Lately, if you were to read my unposted blogs, you would see one that is despairing, and another is hopeful, and another is fully confident that we are living amidst a grand plan and are on the verge of great rescue. You would read about bold hope, deep disappointment, occasional doubt, and stubborn fear. Sometimes when I read my own blogs there is this strange disconnect: “I was really hurting that much that day?” or “I really felt that kind of peace in that moment?” Some blogs flow naturally, where I sit down and suddenly these small strings of information come together in a picture. I usually post those pretty quickly. And some weeks I post little but write a ton as I process difficult challenges.

I would be discouraged by the seeming schizophrenia of my journey if I were not able to read the writings of David in the Psalms. His journey and his writings were all over the map. I relate to that right now. I have moments in the pit and moments on the mountain. I find myself again like the man who approached Jesus with the possessed child, “Lord I believe, help my unbelief!”

I am finding that it helps to choose to “count it all joy” and “dwell in gratitude” – because I don’t get the luxury of choosing the despairing moments, they just come. There are days I wake up and almost before I am conscious, I feel the weight of circumstance. But the Lord has been so faithful to not let me live there, in the pit, and instead His Spirit reminds me of His grace.

  • He gives me moments with Bekah and Grace that bring tears to my eyes.
  • He shows me the honor in my husband.
  • He allows me to sing great songs of truth with hope.
  • He draws my sweet dad under the shadow of His wing.
  • He sets aside my sister in a place where she can seek His heart.
  • He gives truth on which we can build our life.
  • He gives me friends with wisdom who love us.
  • He gives me people who make me laugh.
  • He gives Justin and me a heart for the world and a way to help through Compassion.
  • He gave that same heart to my brother and sister-in-law – providing community.
  • He provides for our every need.
  • He gave us Keystone – how would my heart have survived this without them?
  • He gives rest when I am at the end of myself.

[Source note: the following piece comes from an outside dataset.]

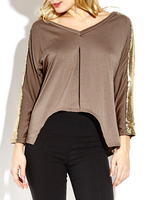 Sexy Women V Neck Sequins Long Sleeve T-Shirt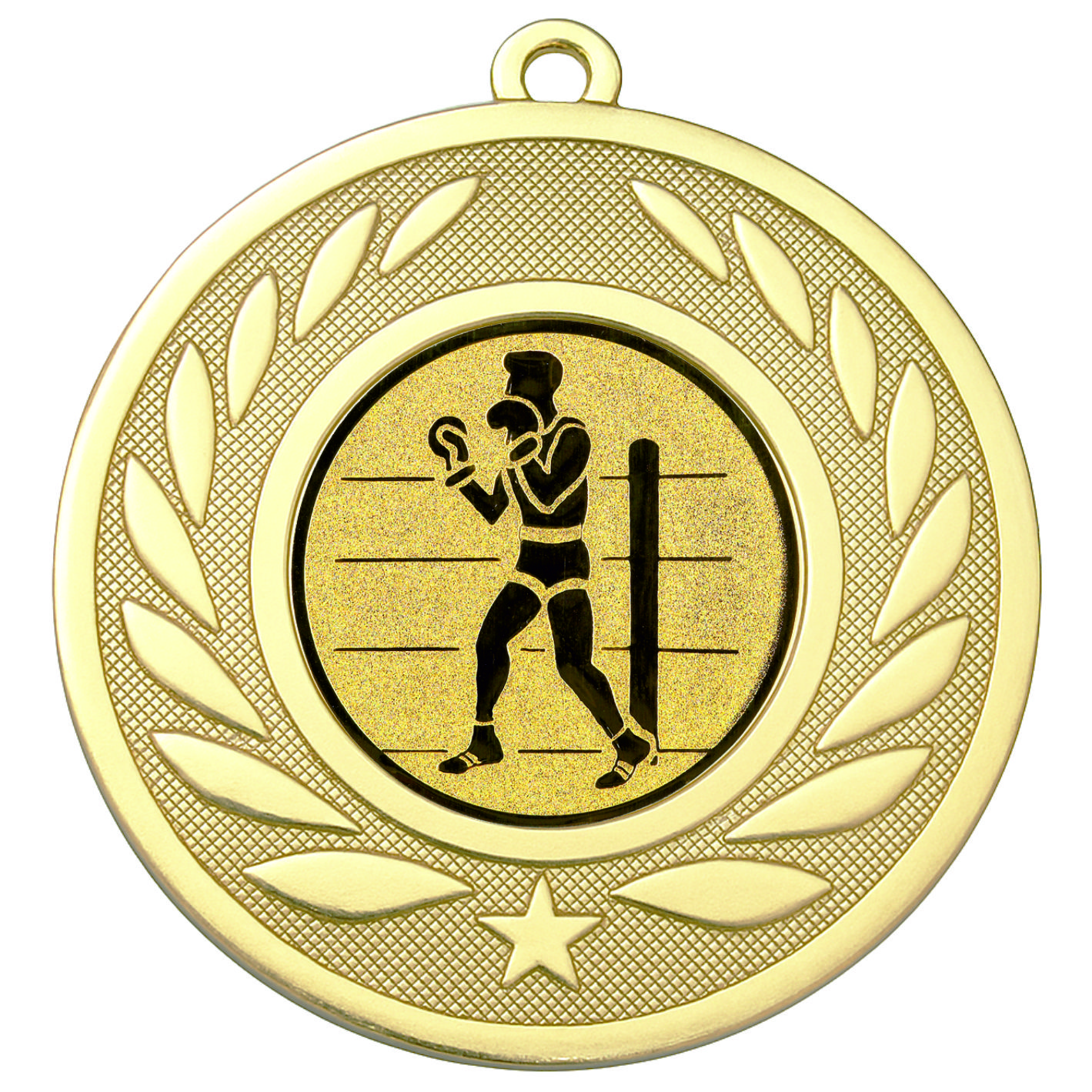 Gold Laurel Boxing Medal - FREE Ribbon - BIE.M9459.01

These are the things on which I am choosing to focus. I don’t know how much longer this road will be, but I am confident that I will have reasons to rejoice and reasons to sob as we go. So I am grateful most of all for a God who understands me – He gets that although I choose to believe that “when I am weak, I am strong,” the fact is that most of the time when I feel weak, I only feel weak. And I am grateful that He does not hold my feelings against me – but covers me in grace.

Even when I’m weak. And schizophrenic.